Data for review section start
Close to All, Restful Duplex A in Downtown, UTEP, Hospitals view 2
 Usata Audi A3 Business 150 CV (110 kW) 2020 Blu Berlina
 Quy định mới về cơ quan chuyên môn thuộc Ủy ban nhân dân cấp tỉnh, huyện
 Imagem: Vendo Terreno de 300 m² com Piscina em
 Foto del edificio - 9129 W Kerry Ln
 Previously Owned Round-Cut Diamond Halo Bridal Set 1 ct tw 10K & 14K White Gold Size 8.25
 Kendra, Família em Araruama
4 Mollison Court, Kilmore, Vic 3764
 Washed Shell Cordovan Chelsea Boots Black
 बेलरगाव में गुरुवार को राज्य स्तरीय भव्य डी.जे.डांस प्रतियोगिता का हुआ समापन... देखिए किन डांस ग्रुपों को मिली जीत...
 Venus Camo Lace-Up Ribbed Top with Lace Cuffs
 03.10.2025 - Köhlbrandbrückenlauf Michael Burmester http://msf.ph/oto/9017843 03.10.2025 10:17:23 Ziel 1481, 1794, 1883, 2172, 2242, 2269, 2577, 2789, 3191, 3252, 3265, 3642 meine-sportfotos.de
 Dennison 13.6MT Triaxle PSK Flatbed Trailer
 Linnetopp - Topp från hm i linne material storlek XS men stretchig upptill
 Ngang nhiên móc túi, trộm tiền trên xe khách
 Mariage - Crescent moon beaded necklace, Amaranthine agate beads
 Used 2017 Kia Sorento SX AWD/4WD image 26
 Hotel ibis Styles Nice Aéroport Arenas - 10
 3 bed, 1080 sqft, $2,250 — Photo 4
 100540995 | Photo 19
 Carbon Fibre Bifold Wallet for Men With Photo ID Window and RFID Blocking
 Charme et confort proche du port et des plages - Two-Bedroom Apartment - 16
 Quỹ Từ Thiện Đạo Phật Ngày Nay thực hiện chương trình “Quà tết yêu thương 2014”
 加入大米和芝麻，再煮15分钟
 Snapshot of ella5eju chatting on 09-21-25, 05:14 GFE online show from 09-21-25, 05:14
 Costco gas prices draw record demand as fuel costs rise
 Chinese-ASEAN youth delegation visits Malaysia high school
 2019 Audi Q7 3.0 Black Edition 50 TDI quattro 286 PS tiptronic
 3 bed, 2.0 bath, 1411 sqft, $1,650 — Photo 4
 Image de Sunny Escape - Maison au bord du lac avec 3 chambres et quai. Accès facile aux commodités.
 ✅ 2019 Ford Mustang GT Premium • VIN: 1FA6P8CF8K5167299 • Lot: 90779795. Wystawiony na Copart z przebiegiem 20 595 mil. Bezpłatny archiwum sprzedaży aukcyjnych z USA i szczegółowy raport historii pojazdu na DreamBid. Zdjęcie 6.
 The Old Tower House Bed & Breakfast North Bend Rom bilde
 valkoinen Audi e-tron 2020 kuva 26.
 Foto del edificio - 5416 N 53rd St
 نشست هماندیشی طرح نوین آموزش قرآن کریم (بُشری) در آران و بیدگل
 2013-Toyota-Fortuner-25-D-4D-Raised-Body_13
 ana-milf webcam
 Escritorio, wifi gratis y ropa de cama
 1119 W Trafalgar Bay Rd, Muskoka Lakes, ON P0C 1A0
Data for review section end
The answer must be all the lines above that hold the word "edificio".

▸ Output of the exercise
 Foto del edificio - 9129 W Kerry Ln
 Foto del edificio - 5416 N 53rd St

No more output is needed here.